INSTRUCTIONS FOR THE TASK - With pictures omitted, transcribe exactly the lines from the one containing "141 E Wheeling Street, Lancaster, OH 43130" to the end of the records below.

SUPPLIED ENTRIES -
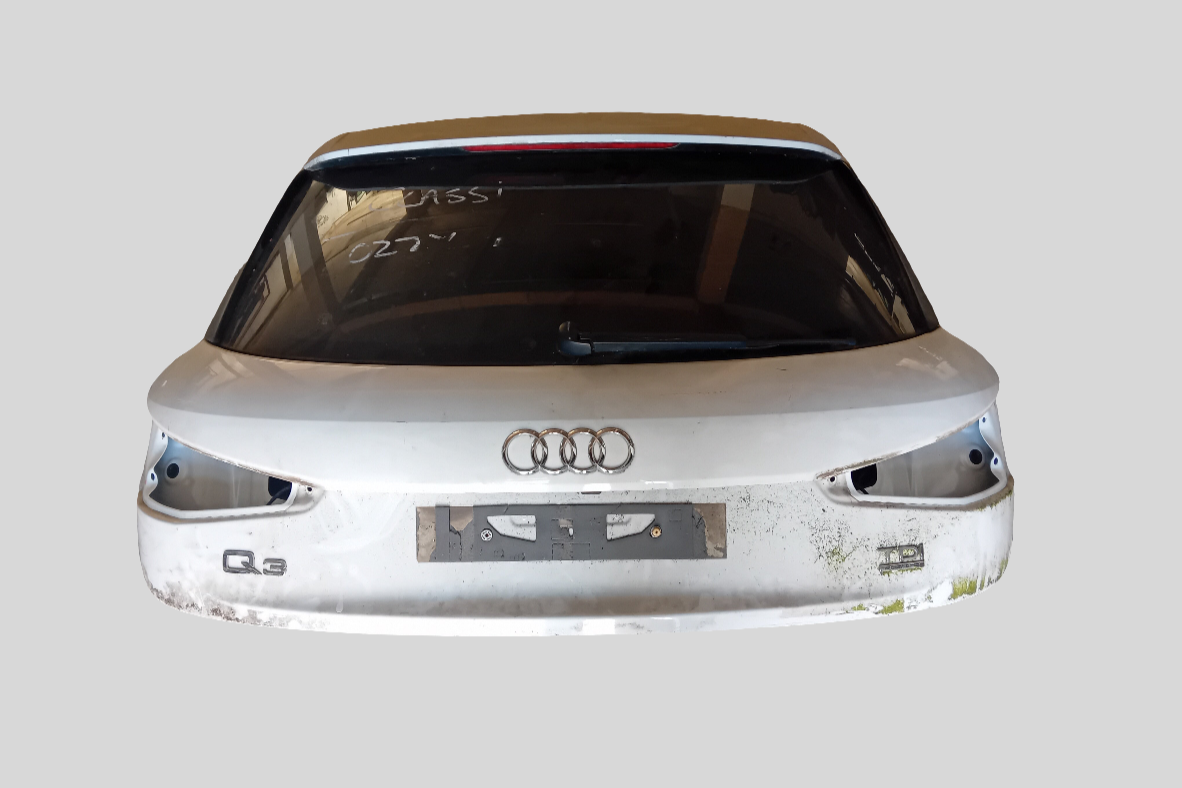 Audi Q3 bagaj kapısı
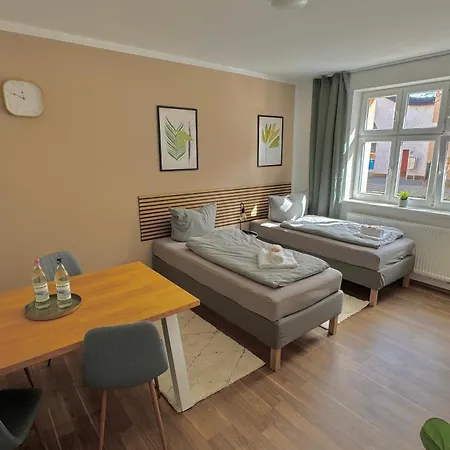 Larooms Merseburg - Apartment Ns02 - 4 Betten - Parkplatz - Waschmaschine - Naehe Infra Leuna - Ideal Fuer Teams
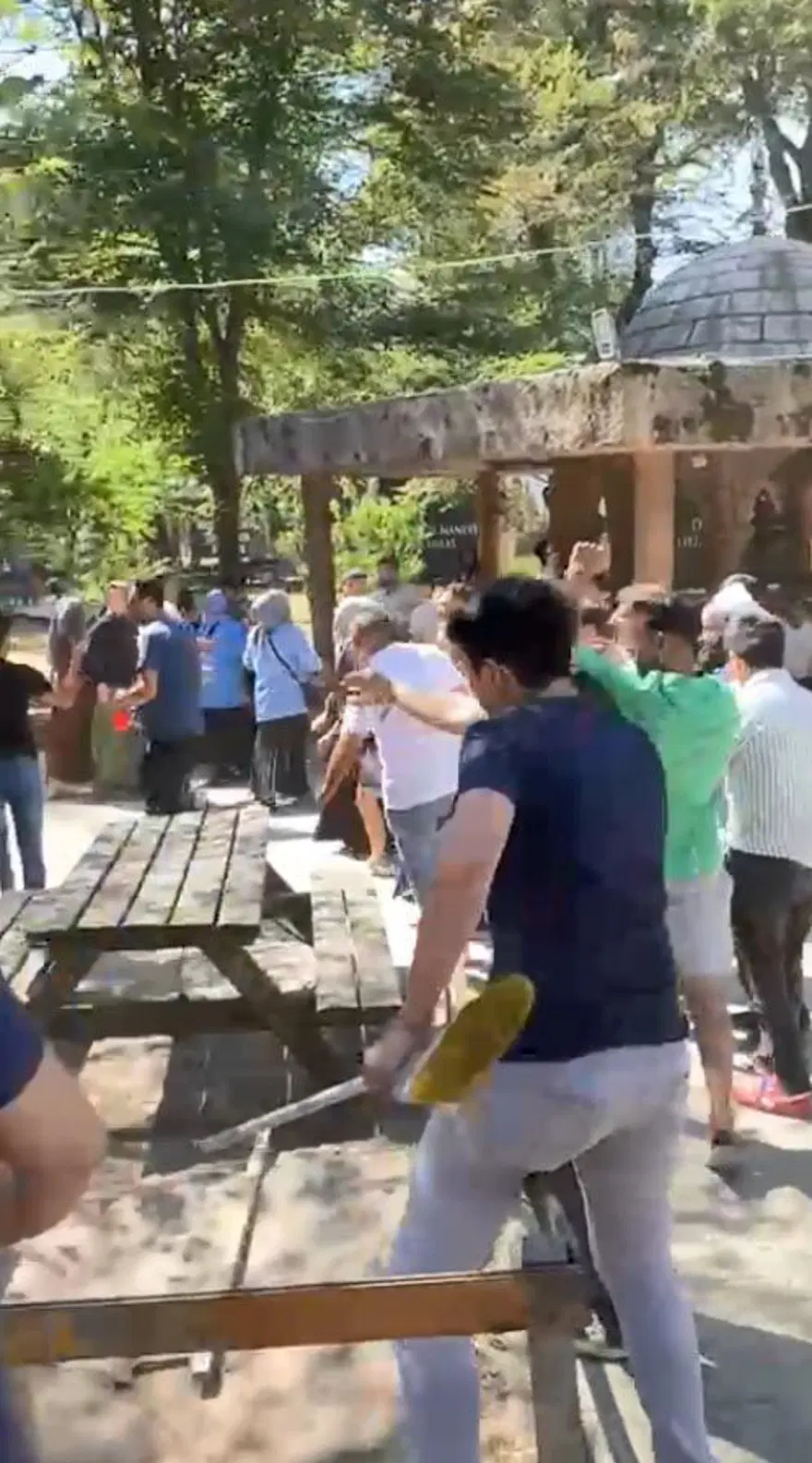 Türbede tekme tokat kavga 2 Türbede tekme tokat kavga 2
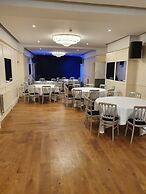 Delmont Hotel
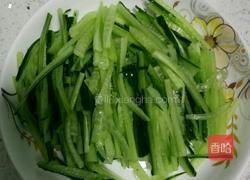 酸辣凉拌黄瓜的做法图解2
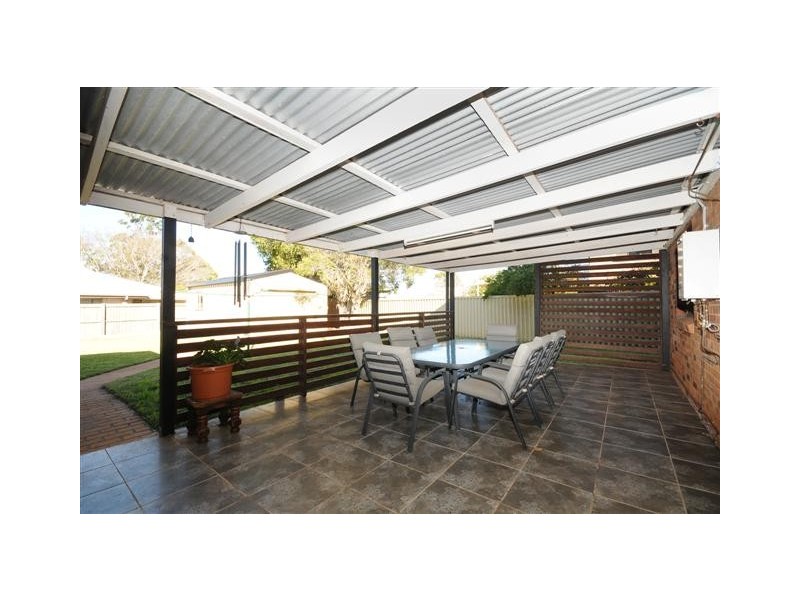 6 Paull Street, Wilsonton QLD 4350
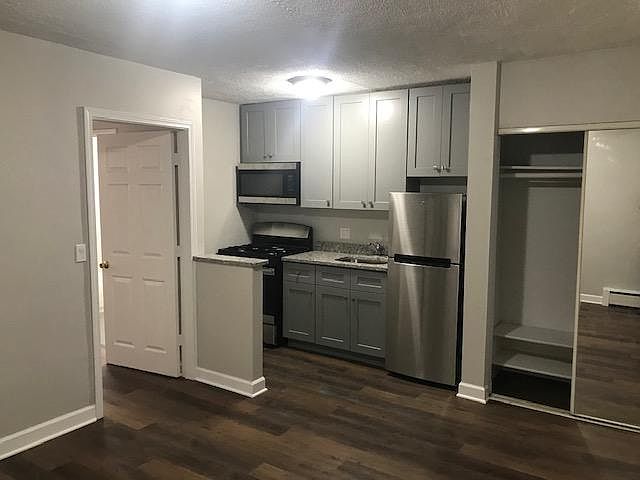 1st image of 6034 N California Ave #2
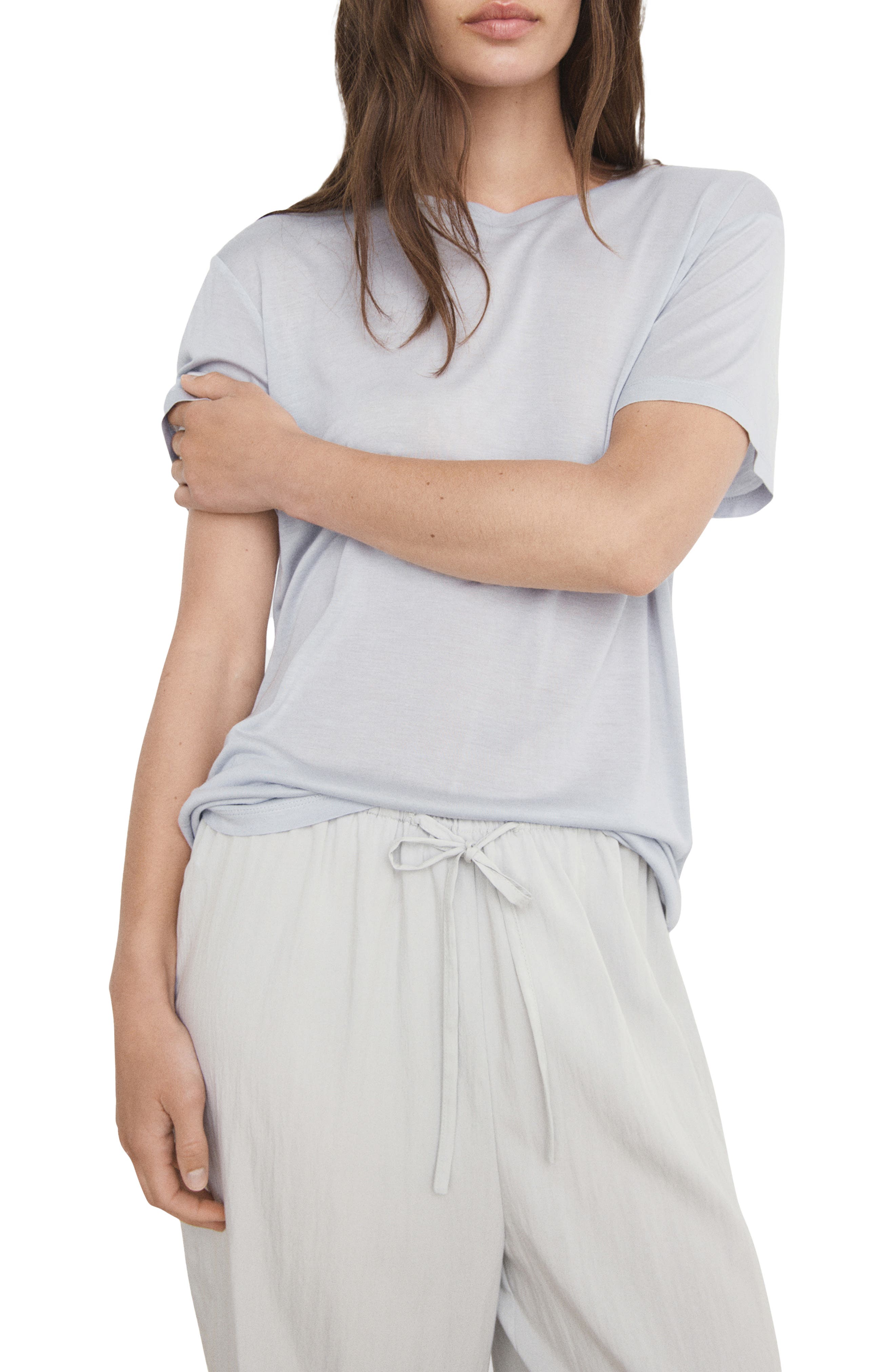 LIGHT/ PASTEL GREY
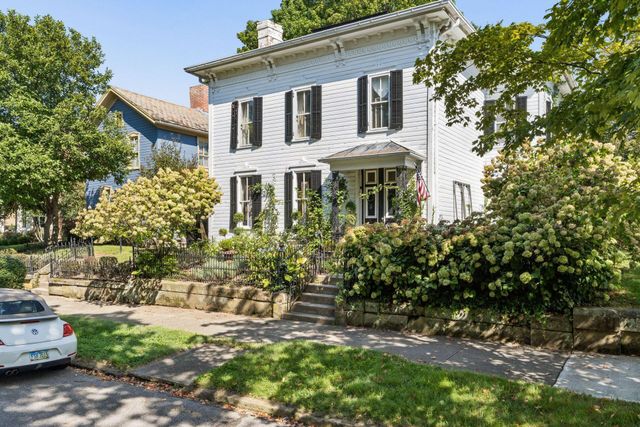 141 E Wheeling Street, Lancaster, OH 43130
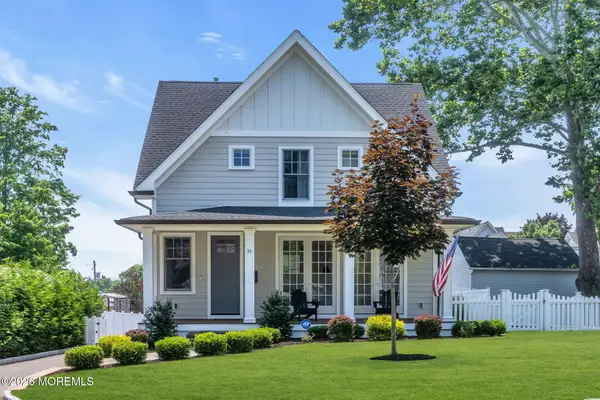 16 Storms Avenue, Park Ridge, NJ 07656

ANSWER TO THIS EXERCISE -
 141 E Wheeling Street, Lancaster, OH 43130
 16 Storms Avenue, Park Ridge, NJ 07656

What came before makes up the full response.